:: Data for this exercise ::
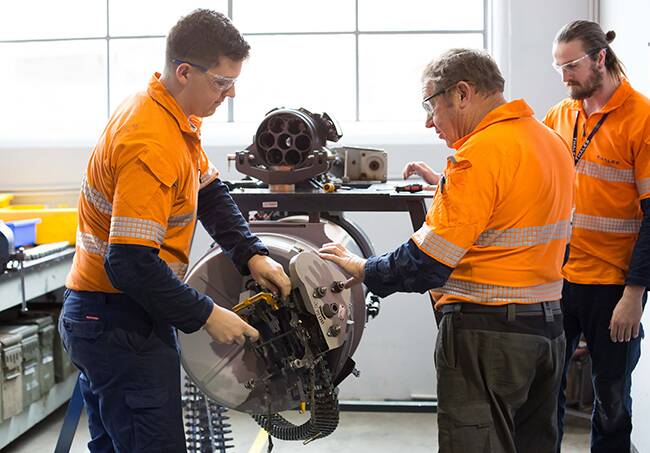 STEP UP: Hunter Defence promotes the region's engineering and defence capability to government, working with companies large and small to help them negotiate pathways to securing government contracts. Picture: Hunter Defence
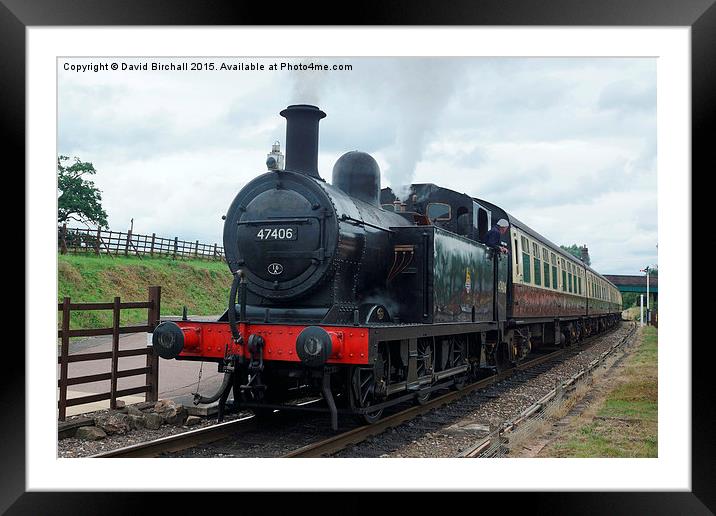  Steam train 47406 ready to depart Framed Mounted Print by David Birchall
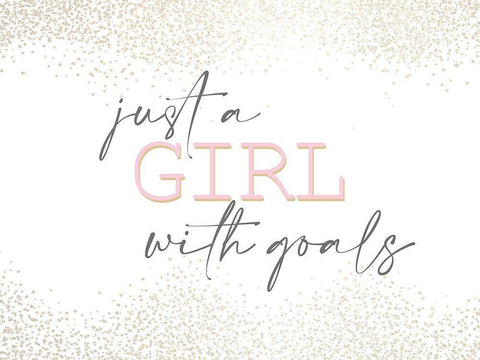 Just a Girl White Modern Wood Framed Art Print with Double Matting by Allen, Kimberly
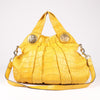 Gucci Exotic leathers - Alligator Hysteria Top 2way Handbag in Yellow Secondhand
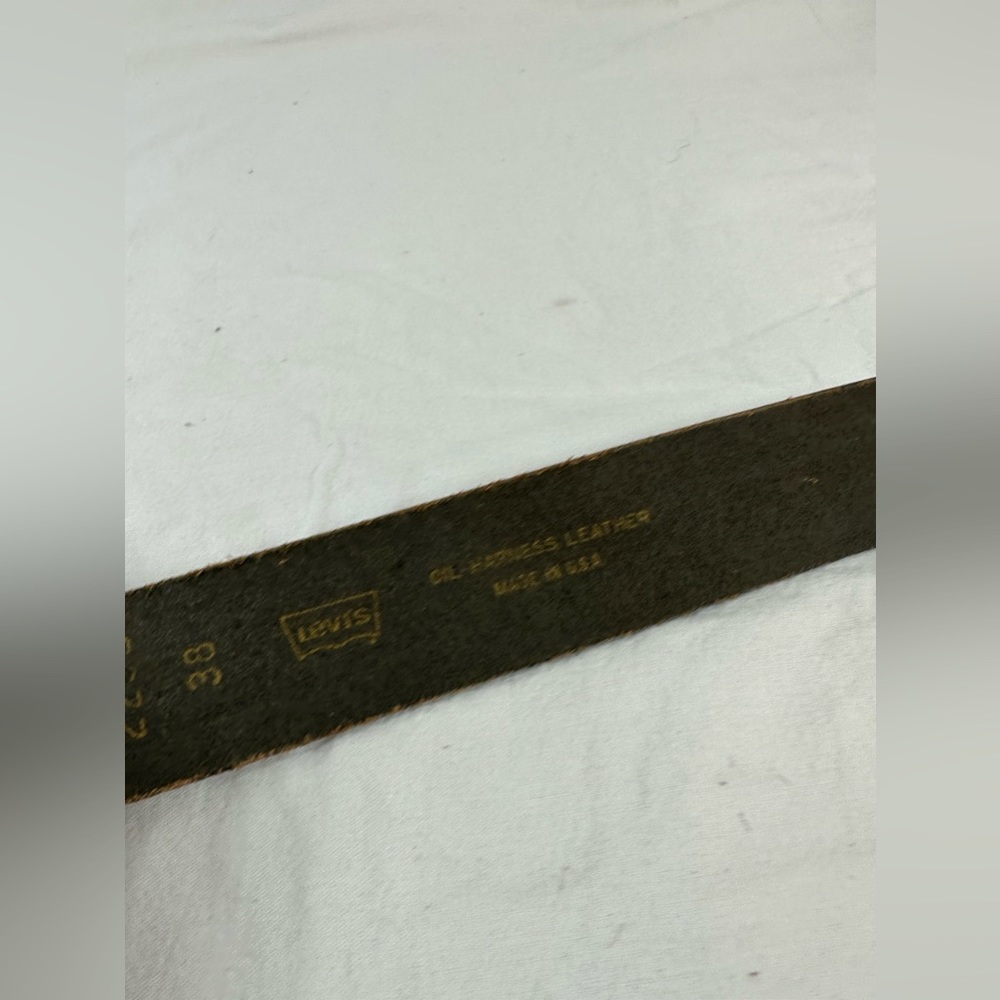 Vintage Bergamot Brass Works 1981 Rodeo cowboys belt buckle and black belt  38 - Picture 7 of 11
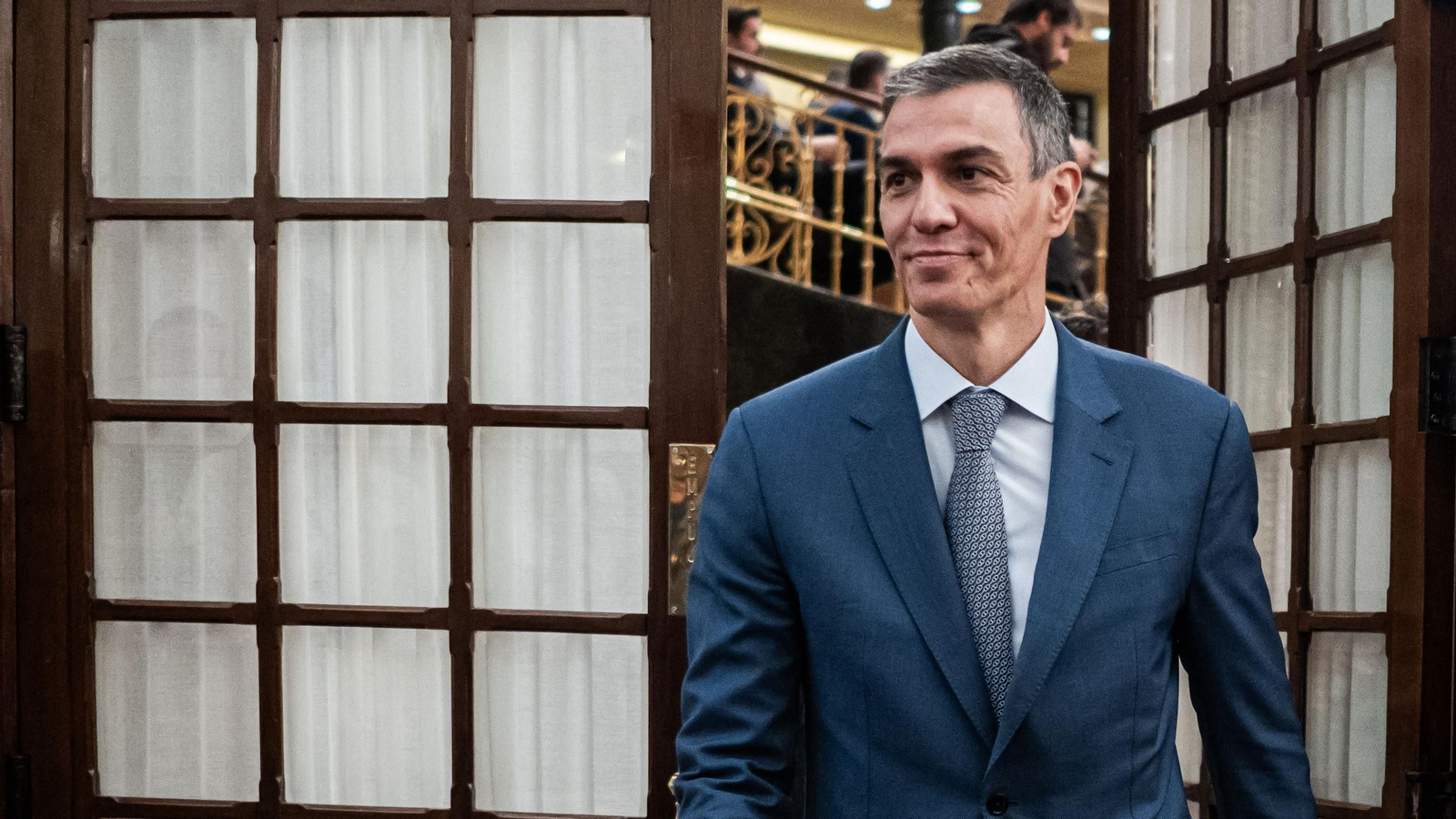 El presidente del Gobierno, Pedro Sánchez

:: The task ::
What is needed is an exact copy of the lines from the one containing "Steam train 47406" through the last line of the records, with every picture left out.

:: Solved exercise ::
  Steam train 47406 ready to depart Framed Mounted Print by David Birchall
 Just a Girl White Modern Wood Framed Art Print with Double Matting by Allen, Kimberly
 Gucci Exotic leathers - Alligator Hysteria Top 2way Handbag in Yellow Secondhand
 Vintage Bergamot Brass Works 1981 Rodeo cowboys belt buckle and black belt  38 - Picture 7 of 11
 El presidente del Gobierno, Pedro Sánchez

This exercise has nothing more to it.